Tens of thousands of people have been forced from their homes due to the flooding that has left parts of the western United States underwater.
Rising waters have turned roads and highways into raging rivers, causing (m) millions of dollars in damage.
Seventy counties have been declared disaster areas since a series of storms began swamping the region with snow and rain December 26.
Major roads and highways in the states of Idaho, Nevada, Oregon, Washington and California were closed as surging rivers and mudslides took their toll Friday.
In Sacramento County, California, the Cosumnes River overflowed its banks and levees, forcing residents to flee.
Many residents attempting to reach dry land had to drive through water above their car wheels.
In the Californian town of Rio Vista, floodwaters were receding, but mudslides and flooding closed roads and knocked out power, telephone and water service.
Road and rail services were set to be disrupted for weeks to come.
"This is bad."
Q: How long do you think it will take to fix it?
"It wouldn't take them too long, see the problem is, right now, they've got a lot of things going on up at the canyon that's holding up freight right now. This would probably be a couple of days' job right here to fix this."
SUPER CAPTION: Jeff Snider, railway worker
Authorities now blame at least 22 deaths on the storms that have triggered widespread flooding.
Governors of five Western states have declared states of emergency in 72 counties since being deluged with non-stop storms that began the day after Christmas.
Up to 12,000 people were evacuated from their homes in Sacramento County, and as many as 95,000 people were evacuated from Yuba and Sutter Counties on the flooded Feather River.
Authorities feared that other nearby levees might also break and crews were called in to shore up weak spots.
In Dayton, east of Carson City, flood waters from the Carson River flooded 30 homes.
The last time the Carson Valley faced severe flooding was in 1986, but the floods this time round are substantially worse.
Country officials say the river was more than four feet above flood stage in the Carson Valley by late Thursday, with upstream monitors recording flows as high as 23- thousand cubic feet per second.
Some residents made an attempt to secure their properties with sandbags, but that seemed fruitless.
With the water levels creeping ever higher, many had no choice but to pile the furniture up from the floor and hope for a lucky escape.

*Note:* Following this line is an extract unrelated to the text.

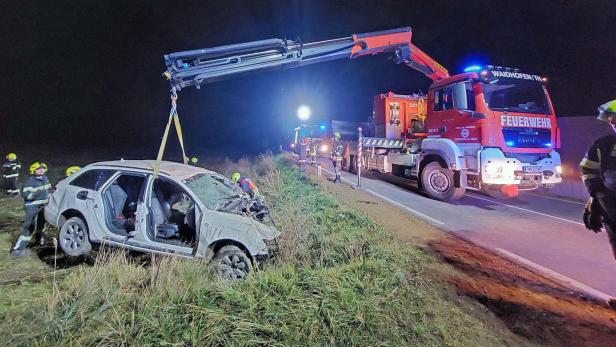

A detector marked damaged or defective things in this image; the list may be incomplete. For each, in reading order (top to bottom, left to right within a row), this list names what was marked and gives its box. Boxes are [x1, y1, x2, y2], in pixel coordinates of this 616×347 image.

The Californian towns of Yuba City, Marysville, Linda and Olivehurst along the Feather River, were virtually ghost towns after tens of thousands evacuated on Thursday night.
Authorities ordered residents from their homes as levees showed signs of weakening.
"The city of Yuba City has been evacuated. The urban area is pretty well out of the city now, under the mandatory issue of last night. That's probably around 30 to 40 thousand people out of town.
Q: And Marysville as well?
Marysville evacuated the same time last night.
Q: Are we talking close to 100 thousand people?
I think your estimate is high at 100 thousand, closer to 60 thousand.
Q: And where have all these people gone?
Like we were telling them last night, out. Find a road that's open and leave the vicinity."
SUPER CAPTION: Dan McVey, Assistant Director of Community Services, Sutter County
One levee broke, swamping orchards.
By Friday, thousands of acres were under a layer of muddy water, and the roofs of homes and farms were all that could be seen in many areas.